Drawing Sumburgh

~Shetland Nature Festival, ‘Drawing Sumburgh’, 2nd August 2018 ~

Here are a few drawings from last week’s workshop. We began with quick warm-up drawings focusing on small details of the landscape. As the whole panoramic view from Sumburgh is quite daunting at first to draw, this allowed us to start tracing lines and forms, and to start really looking at our surroundings. 

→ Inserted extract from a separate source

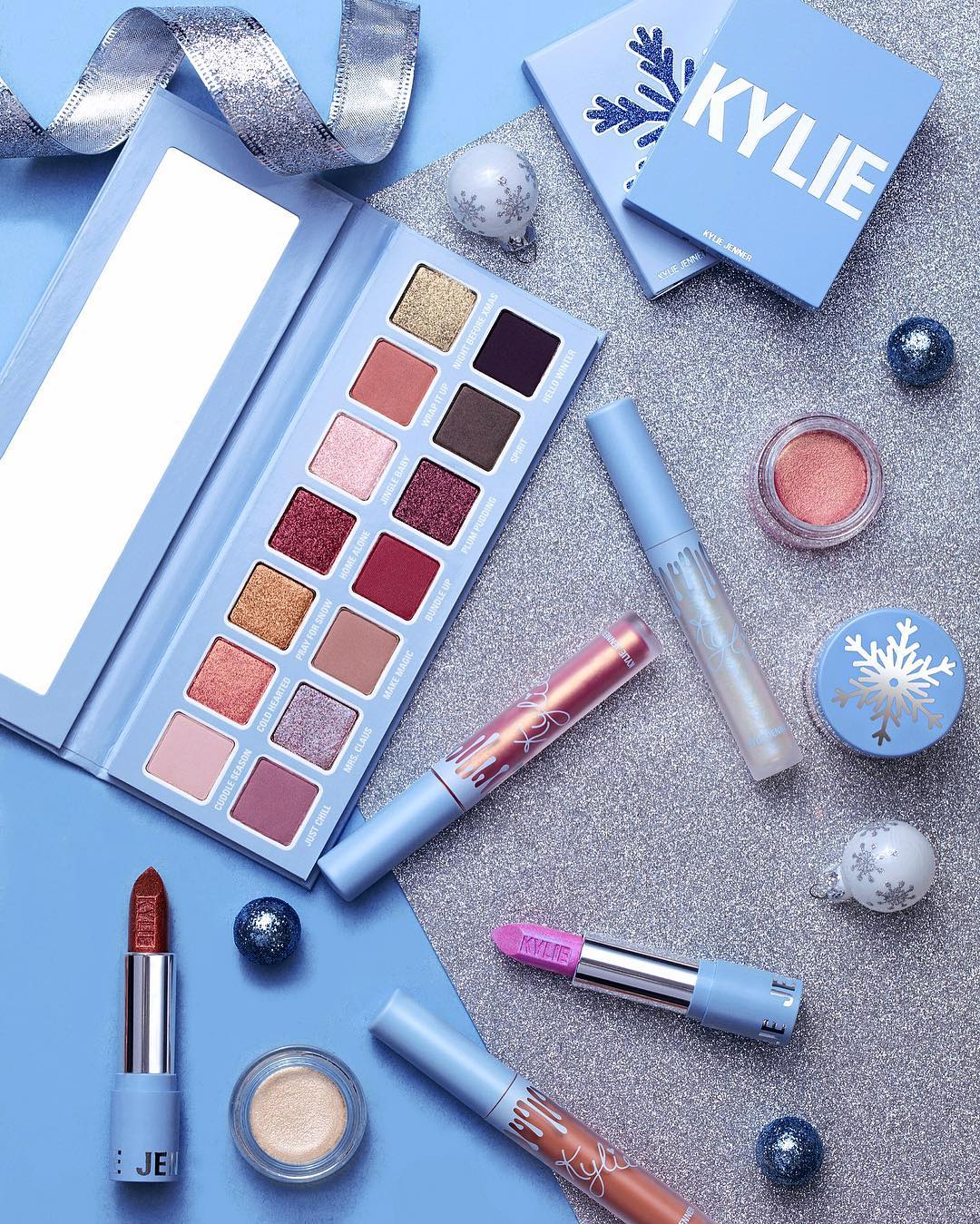 Kylie Cosmetics Reveals Icy Blue Holiday 2018 Collection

We then moved around the headland. At the side facing south towards the ‘Roost’, the churning seas where tidal streams meet, are dramatic stacks. We spoke here about the difficulty of drawing rock. Some participants chose to focus in on detail and texture, whereas others traced the stacks’ dramatic silhouettes. I found all the lights and darks that these cliff-forms created very interesting, and by seeing faces and shelves and edges whilst drawing them, you start to think about them as more 3D forms, and to be less overwhelmed by their complexity. 

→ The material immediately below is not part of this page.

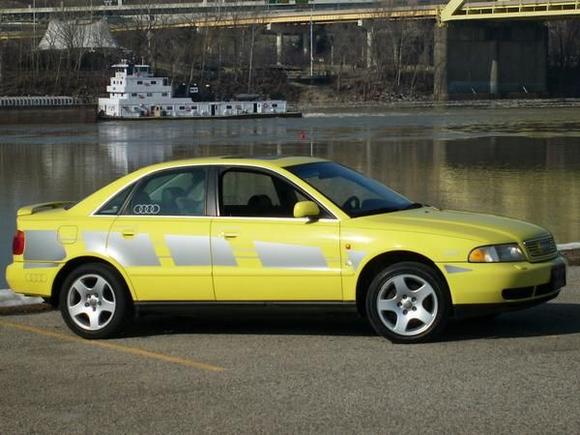 audi at river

We not only used pencil but also ink and charcoal. Ink allows us to cover large areas of the paper quite quickly and so to establish depth and tone. In the final drawing here, I was trying to capture the afternoon sun catching only particular edges of rock in the cliffs - the rest was thrown in deep shadow. 

With many thanks to those that came along, and also to everyone at Sumburgh Head.